Properly packaging a fragile product for shipping can be a tedious and annoying process. But taking shortcuts is never a good idea.

The TV in the photographs below was shipped to a third party repair center for service. The person who packed up and shipped this TV must have been a professional… idiot. They might as well have shipped this poor HDTV using bowling balls or rocks as padding. For future reference, here’s a photo tutorial on how NOT to ship a Plasma or LCD HDTV.

The photos were taken upon arrival at the repair center for insurance purposes.

How NOT to Ship a HDTV 1
Poorly wrapped package arrives at the repair center.
How NOT to Ship a HDTV 2
View from the side shows the lack of padding.
How NOT to Ship a HDTV 3
Does this box even have a bottom?
How NOT to Ship a HDTV 4
Box looks very worn. We wonder what’s inside.
How NOT to Ship a HDTV 5
Yikes! The TV screen is cracked in multiple places.
How NOT to Ship a HDTV 6
More damage and dents in the rear.
How NOT to Ship a HDTV 7
Closer inspection show just how bad the screen damage is.

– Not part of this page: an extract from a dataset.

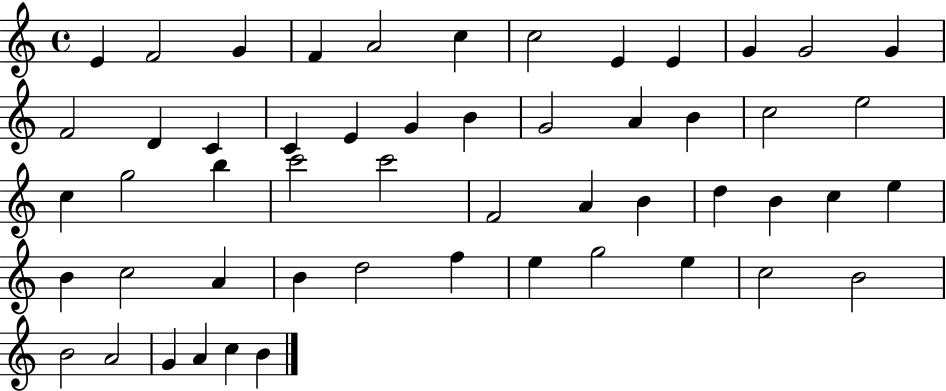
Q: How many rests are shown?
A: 0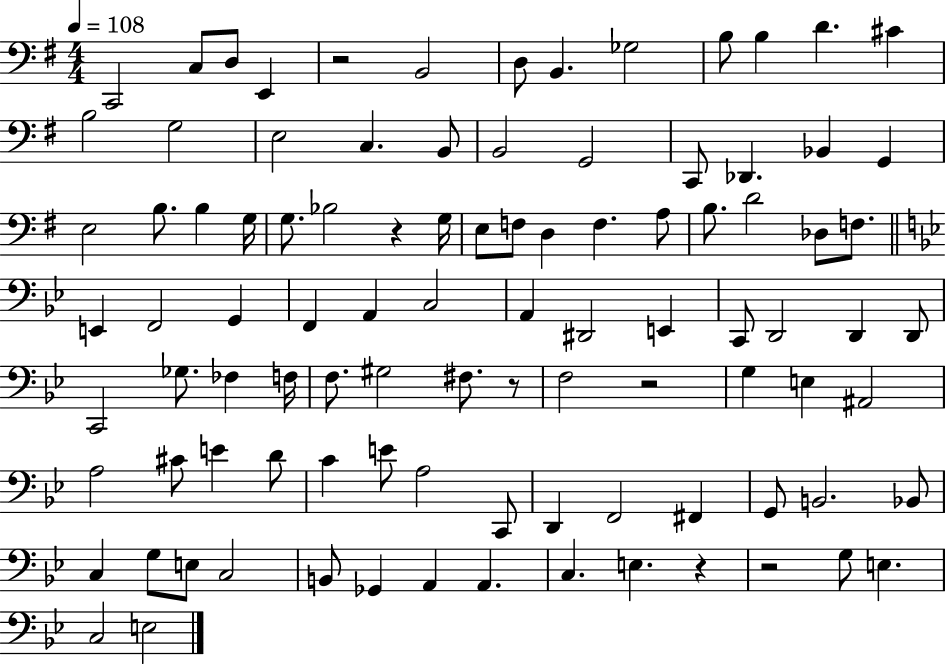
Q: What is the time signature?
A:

This TV had issues before shipping. Otherwise it wouldn’t have been sent to the repair center in the first place. However, the lack of proper packaging obviously contributed to additional damage. Hopefully these photos help educate anyone who might need to ship a TV in the future.

NERD NOTE: HDTV technology was first introduced in the US during the 1990s by a group of electronics companies called the Digital HDTV Grand Alliance.